The kilogram is the only one of the SI’s seven base units still defined in terms of a material artefact - a 130-year-old platinum-iridium cylinder maintained at the International Bureau of Weights and Measures in France. The US National Institute of Standards and Technology (NIST, nist 1) is working on a proposal that defines the kilogram in terms of the Planck constant h which is expressed in units containing the kilogram. Work at NIST such as the watt balance experiment (nist 2) and determinations of the mass of one mole of silicon atoms offer new ways of determining an accurate value of h, thereby contributing to a more reliable definition of the kilogram.

Friday 12 November 2010

Diamond, not forever?

Recently (Imperial X-ray tabletop) researchers from Imperial College London, the University of Michigan and Instituto Superior Téchnico Lisbon have described a tabletop instrument that produces synchrotron X-rays, whose energy and quality allegedly rivals that produced by some of the largest X-ray facilities in the world ("Bright spatially-coherent synchrotron X-rays from a tabletop source" Nature Physics 24 October 2010, Imperial X-ray tabletop 2). Based on a helium ion plasma, the acceleration and X-ray production happens over less than a centimetre with the whole tabletop X-ray source housed in a vacuum chamber that is approximately 1 metre on each side. Apparently, the Diamond Light Source synchrotron facility in Didcot, UK, is 0.5km in circumference and cost £263M to build.

Thursday 11 November 2010

Armistice Day

Today is a public holiday for many of our readers, being Armistice Day or Veterans Day.
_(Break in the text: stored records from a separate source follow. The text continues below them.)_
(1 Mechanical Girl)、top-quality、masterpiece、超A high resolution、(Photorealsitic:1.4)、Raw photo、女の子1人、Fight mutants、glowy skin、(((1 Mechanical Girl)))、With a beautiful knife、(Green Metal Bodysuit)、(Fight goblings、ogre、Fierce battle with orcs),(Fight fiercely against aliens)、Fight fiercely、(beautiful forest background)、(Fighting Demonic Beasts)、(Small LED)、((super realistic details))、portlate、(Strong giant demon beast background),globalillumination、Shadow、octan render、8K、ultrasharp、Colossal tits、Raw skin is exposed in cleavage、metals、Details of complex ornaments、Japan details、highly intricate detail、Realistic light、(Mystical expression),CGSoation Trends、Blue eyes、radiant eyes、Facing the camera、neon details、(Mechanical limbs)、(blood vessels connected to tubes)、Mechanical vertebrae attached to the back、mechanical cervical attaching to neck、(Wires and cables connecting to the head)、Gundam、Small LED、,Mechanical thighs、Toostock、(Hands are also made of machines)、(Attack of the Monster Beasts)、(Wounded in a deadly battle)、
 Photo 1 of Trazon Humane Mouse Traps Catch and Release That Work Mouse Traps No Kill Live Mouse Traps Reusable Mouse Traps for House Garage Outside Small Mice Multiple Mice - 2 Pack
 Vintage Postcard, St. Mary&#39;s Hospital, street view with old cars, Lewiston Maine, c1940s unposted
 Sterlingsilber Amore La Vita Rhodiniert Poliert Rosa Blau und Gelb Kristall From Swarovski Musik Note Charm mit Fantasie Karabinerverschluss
Some photographs from around the World can be seen at remembrance-day-in-pictures. Some 80% of the technology applications in the area of science we serve are non-military related, we hope this will lead to better outcomes Worldwide for future generations.

Friday 5 November 2010

Thought for the month

"...[Guy Fawkes] ....the only man to enter Parliament with honest intentions." From: Sharpe, J. A. (2005), Remember, Remember: A Cultural History of Guy Fawkes Day, Harvard University Press.